(Collected data)
·····
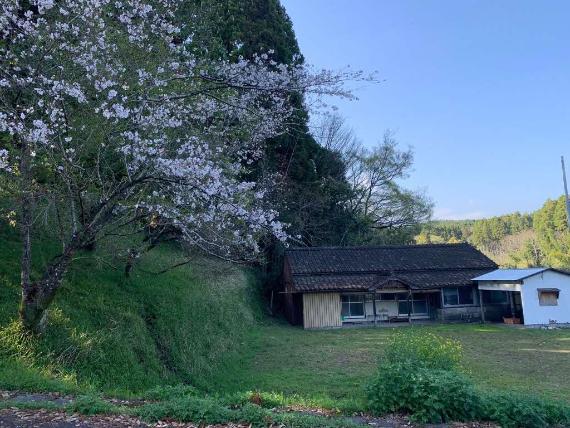 岩戸公民館の桜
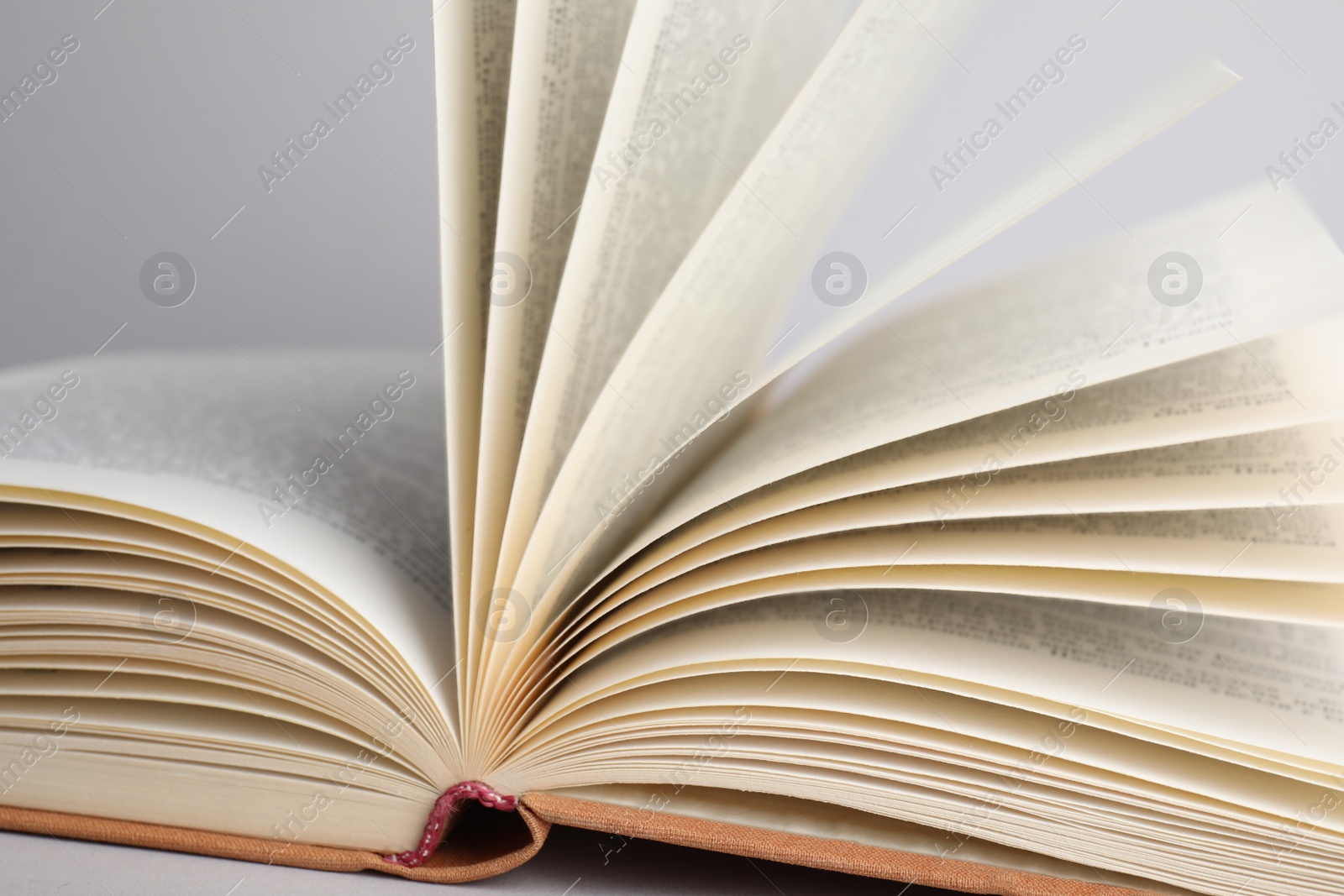 Photo of Closeup view of open book on light background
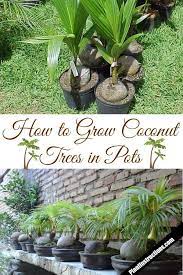 How To Grow Coconut Trees In Pots Potted Trees Fruit Garden Coconut Tree
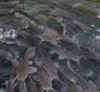 Makeeb Fish Farm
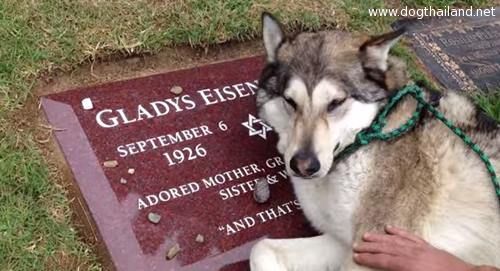 คลิปหมาร้องไห้ สุดซึ้ง! น้องหมาร้องไห้ สะอื้น ที่หลุมศพเจ้านาย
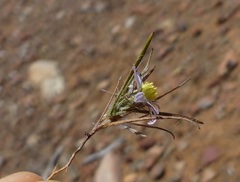 Alatoseta tenuis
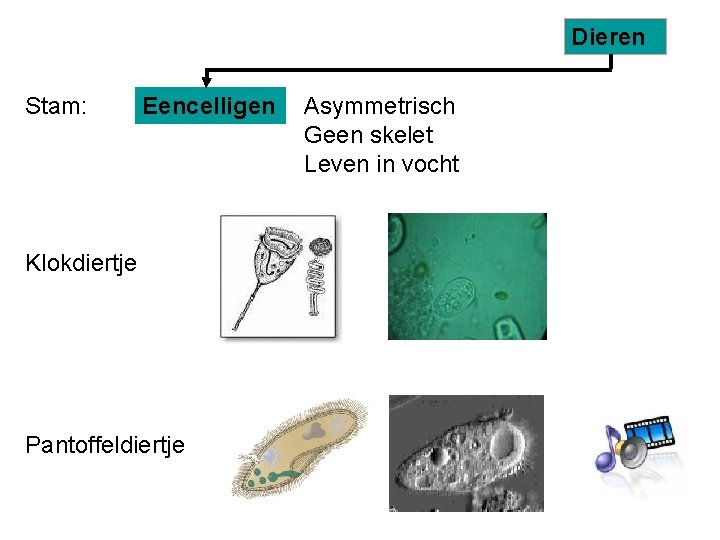 Dieren Stam: Eencelligen Klokdiertje Pantoffeldiertje Asymmetrisch Geen skelet Leven in vocht 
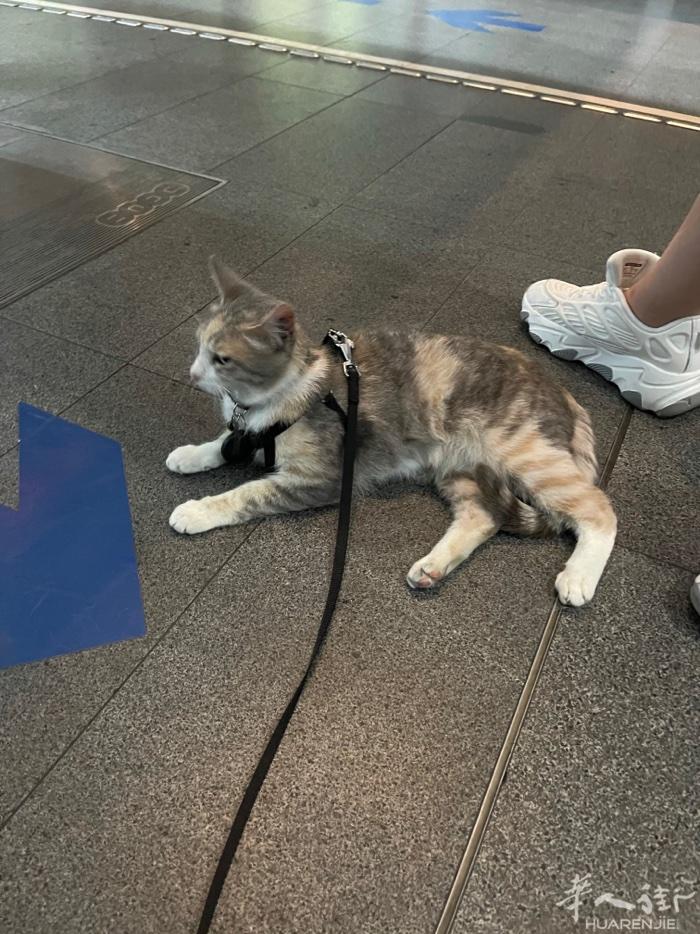 出售一只欧洲短毛猫 送一个携带式猫笼里面有毛垫 还有逗猫棒 猫零食棒 小梳子 小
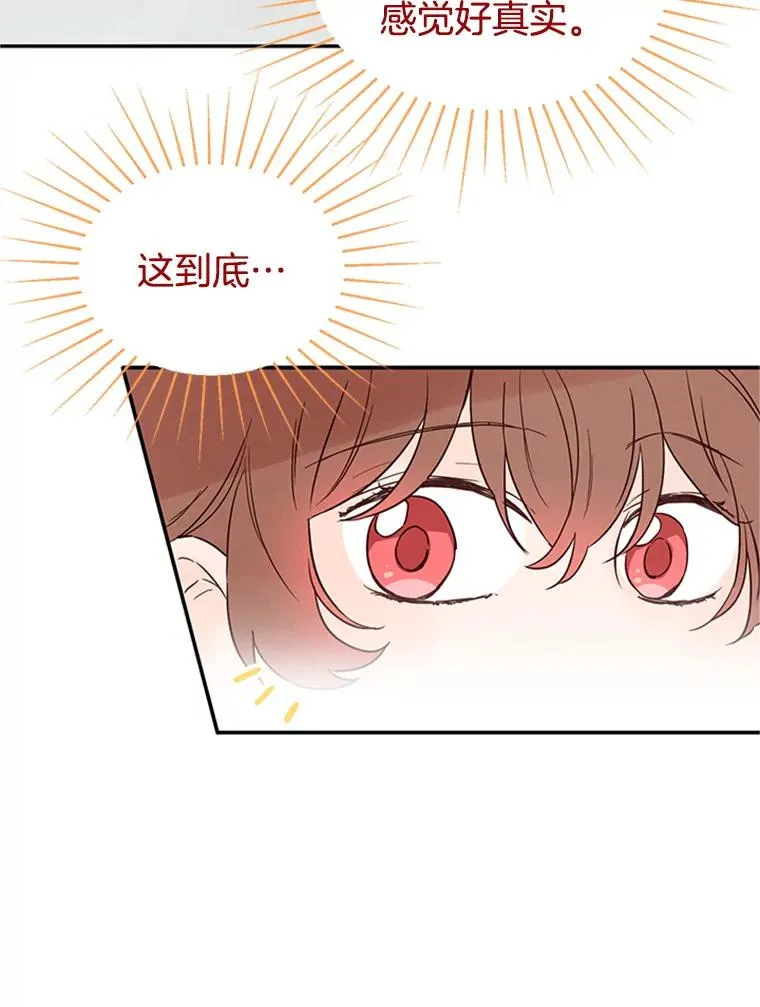 22.修改条约 第69页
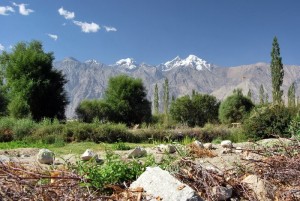 Sumu-village-Nubra-valley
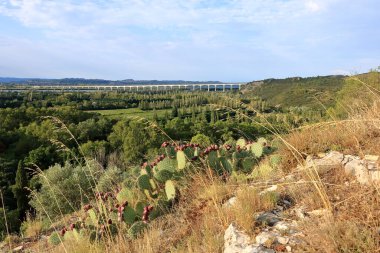 Fransa 'nın Provence kentindeki Avignon yakınlarındaki TGV trenleri için Rhone Nehri üzerindeki uzun köprü Viaduc Double Ferroviaire.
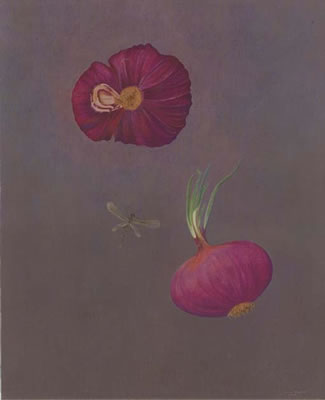 Cebollas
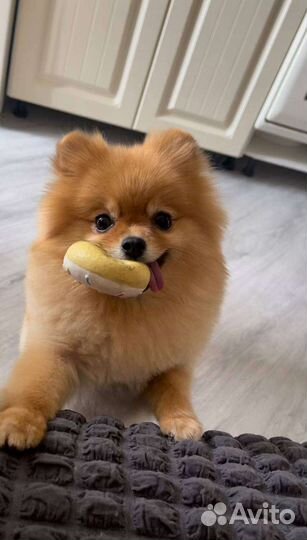 Шпиц вязка девочка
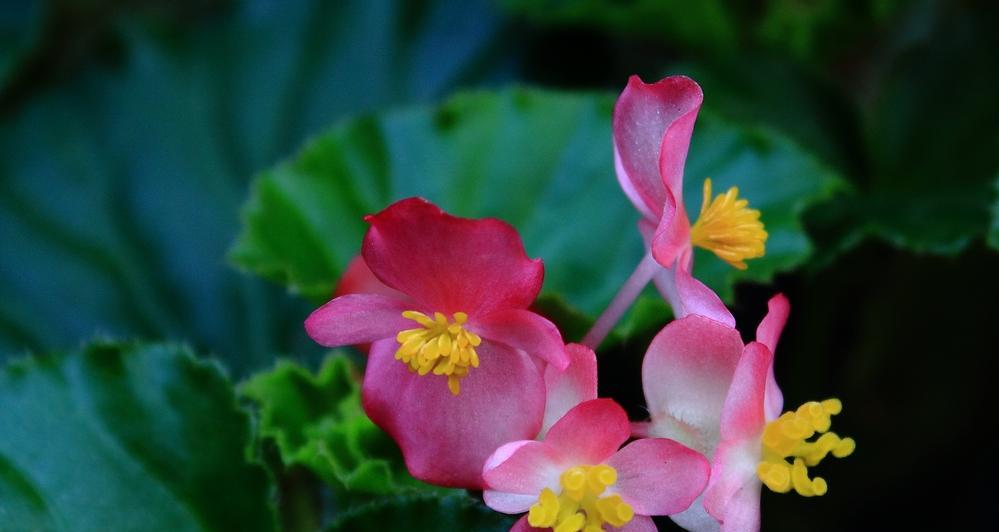 四季海堂花迁殖技巧（让你的花园始终盛开）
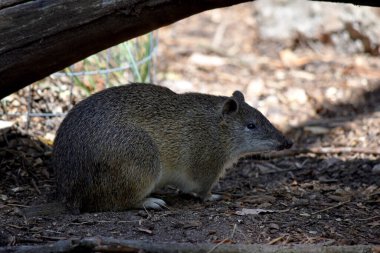 Güney kahverengi Bandicoots yaklaşık bir tavşan büyüklüğündedir ve sivri burunlu, kamburlu, ince kuyruklu ve büyük arka ayakları vardır.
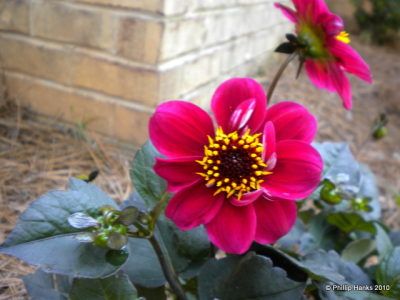 Prolifiscapes, Inc. Logo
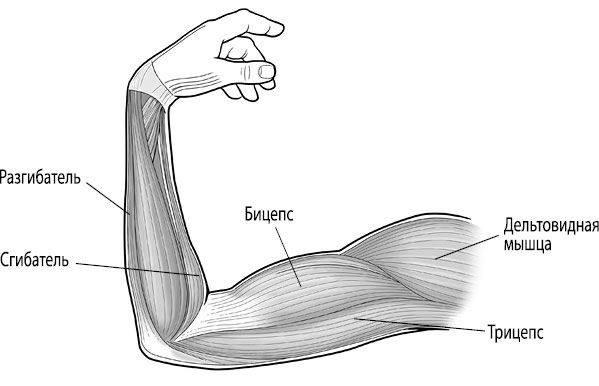 Иллюстрация к книге — Тело исцеляет само себя. Глубокое изучение работы мышц и их связи с эмоциями [i_077.jpg]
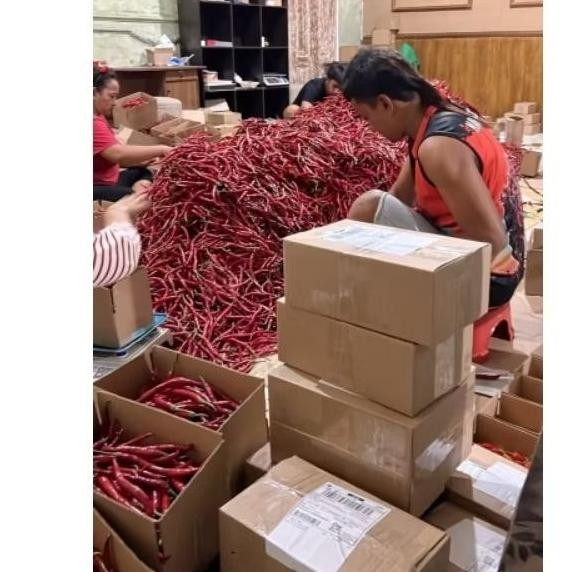 

Buktikan Cabai Keriting Imperial 500 Gram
·····
WORK REQUEST:
Retype only the lines from the one with "Sumu-village-Nubra-valley" through the final line of the entries, please, and keep the pictures out.

RESULT:
 Sumu-village-Nubra-valley
 Fransa 'nın Provence kentindeki Avignon yakınlarındaki TGV trenleri için Rhone Nehri üzerindeki uzun köprü Viaduc Double Ferroviaire.
 Cebollas
 Шпиц вязка девочка
 四季海堂花迁殖技巧（让你的花园始终盛开）
 Güney kahverengi Bandicoots yaklaşık bir tavşan büyüklüğündedir ve sivri burunlu, kamburlu, ince kuyruklu ve büyük arka ayakları vardır.
 Prolifiscapes, Inc. Logo
 Иллюстрация к книге — Тело исцеляет само себя. Глубокое изучение работы мышц и их связи с эмоциями [i_077.jpg]

Buktikan Cabai Keriting Imperial 500 Gram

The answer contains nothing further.